In church matters, during the summer of 1867, the First Congregational Society was holding all its sessions in Metzerott Hall, while our church edifice was in process of construction. The pastor was away on a short vacation. Seeing one Sunday that our Sunday school was very small, I addressed the teachers and children just before the closing exercise and said that there were plenty of children outside that had no Sunday school, and urged the scholars to make an effort to fill up our room with those who had no such school advantages. My last remark was in keeping with my own constant wish. It was to this effect: “I will give a present to five (I believe that was the number) who will bring in the most new scholars, and they need not look at the color of the eyes, hair, or skin.”

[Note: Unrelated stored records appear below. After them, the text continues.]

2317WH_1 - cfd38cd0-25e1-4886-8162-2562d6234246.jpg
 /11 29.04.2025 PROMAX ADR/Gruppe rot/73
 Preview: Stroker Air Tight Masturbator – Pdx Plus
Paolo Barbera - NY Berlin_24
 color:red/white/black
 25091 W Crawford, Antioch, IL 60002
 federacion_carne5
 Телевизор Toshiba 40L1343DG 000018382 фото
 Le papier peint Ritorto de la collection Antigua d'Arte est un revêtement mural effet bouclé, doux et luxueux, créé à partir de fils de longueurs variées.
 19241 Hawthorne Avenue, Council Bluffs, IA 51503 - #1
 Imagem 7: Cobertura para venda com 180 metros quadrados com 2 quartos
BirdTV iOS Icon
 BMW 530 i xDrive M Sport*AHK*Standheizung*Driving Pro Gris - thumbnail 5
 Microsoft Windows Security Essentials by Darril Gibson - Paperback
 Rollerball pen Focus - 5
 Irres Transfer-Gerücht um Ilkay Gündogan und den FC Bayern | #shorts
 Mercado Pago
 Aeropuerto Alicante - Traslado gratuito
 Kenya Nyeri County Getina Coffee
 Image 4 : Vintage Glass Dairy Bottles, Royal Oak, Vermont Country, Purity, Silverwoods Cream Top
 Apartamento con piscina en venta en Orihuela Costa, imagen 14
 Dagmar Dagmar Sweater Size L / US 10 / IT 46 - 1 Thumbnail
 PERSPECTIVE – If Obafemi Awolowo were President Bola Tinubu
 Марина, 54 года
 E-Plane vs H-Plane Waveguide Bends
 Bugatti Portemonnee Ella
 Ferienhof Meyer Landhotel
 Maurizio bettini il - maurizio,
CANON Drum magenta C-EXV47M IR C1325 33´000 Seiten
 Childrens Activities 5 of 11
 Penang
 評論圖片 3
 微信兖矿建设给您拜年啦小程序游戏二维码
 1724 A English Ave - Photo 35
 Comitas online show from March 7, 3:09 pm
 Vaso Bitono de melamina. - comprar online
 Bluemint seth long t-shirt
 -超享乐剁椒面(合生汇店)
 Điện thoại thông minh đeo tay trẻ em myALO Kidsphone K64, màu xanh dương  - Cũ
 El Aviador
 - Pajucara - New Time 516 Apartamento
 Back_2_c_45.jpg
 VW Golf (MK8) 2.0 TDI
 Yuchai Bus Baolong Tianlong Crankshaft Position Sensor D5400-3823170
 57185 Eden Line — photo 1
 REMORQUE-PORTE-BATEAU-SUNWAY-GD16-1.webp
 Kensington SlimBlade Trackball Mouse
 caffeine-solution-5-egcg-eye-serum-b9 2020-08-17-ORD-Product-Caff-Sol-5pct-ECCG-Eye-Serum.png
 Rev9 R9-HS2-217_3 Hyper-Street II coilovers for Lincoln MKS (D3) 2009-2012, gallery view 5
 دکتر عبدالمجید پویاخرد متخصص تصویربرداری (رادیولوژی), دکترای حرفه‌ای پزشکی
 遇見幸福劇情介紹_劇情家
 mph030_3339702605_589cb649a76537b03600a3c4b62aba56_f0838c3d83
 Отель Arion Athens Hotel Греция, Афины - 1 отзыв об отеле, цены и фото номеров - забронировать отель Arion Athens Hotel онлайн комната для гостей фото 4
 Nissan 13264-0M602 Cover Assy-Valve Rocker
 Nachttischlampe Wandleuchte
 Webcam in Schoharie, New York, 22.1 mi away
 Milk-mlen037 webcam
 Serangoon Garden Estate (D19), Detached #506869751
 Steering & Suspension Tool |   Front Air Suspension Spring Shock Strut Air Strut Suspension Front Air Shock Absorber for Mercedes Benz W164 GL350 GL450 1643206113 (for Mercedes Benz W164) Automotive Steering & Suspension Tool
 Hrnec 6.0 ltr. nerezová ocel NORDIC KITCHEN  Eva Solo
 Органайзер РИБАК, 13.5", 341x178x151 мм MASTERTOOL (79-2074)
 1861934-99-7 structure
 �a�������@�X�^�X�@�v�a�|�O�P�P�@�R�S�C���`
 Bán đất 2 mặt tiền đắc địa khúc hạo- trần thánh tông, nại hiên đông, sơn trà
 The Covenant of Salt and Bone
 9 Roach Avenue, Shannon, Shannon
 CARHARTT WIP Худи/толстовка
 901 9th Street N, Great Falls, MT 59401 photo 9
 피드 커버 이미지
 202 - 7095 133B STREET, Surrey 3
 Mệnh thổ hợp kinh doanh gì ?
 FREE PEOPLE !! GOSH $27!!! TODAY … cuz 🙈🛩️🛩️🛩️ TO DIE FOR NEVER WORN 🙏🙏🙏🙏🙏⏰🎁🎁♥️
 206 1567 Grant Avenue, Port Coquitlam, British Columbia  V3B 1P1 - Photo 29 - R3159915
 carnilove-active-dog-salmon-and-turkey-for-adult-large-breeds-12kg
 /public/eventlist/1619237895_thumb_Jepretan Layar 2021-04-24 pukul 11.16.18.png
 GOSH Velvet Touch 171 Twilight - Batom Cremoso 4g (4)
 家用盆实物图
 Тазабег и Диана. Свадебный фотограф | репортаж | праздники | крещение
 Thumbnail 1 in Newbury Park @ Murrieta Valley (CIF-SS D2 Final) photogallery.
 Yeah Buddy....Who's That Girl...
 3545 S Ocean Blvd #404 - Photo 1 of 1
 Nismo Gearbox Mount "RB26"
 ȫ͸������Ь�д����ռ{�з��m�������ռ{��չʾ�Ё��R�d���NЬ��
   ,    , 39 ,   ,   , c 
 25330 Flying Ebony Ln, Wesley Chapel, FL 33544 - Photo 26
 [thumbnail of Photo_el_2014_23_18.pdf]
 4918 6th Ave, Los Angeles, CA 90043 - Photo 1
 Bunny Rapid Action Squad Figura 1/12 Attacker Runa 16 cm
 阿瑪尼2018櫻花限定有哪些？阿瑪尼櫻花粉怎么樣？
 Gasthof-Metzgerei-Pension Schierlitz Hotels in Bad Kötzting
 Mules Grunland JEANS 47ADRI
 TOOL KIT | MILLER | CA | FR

The next Sunday plenty of scholars came trooping in, and among them many colored pupils. This action, to my astonishment, displeased very many of our church members, both men and women. Our pastor was informed. He returned at once from his vacation, took sides against my action publicly and privately, though the colored children already there were suffered to remain in the Sunday school. The church society proved itself now to be divided, and those opposed to Dr. Boynton were uniting in action. However, even yet, I deprecated these dividing tendencies and tried to check them.

Later in the year, I was called to St. Louis, Mo., and when there in the Congregational churches pleaded for help to our building fund, restating, as our early letters had declared, that our new Congregational body would be careful to make no distinctions on account of race or color. That was one of our reasons for the establishment of our church in Washington.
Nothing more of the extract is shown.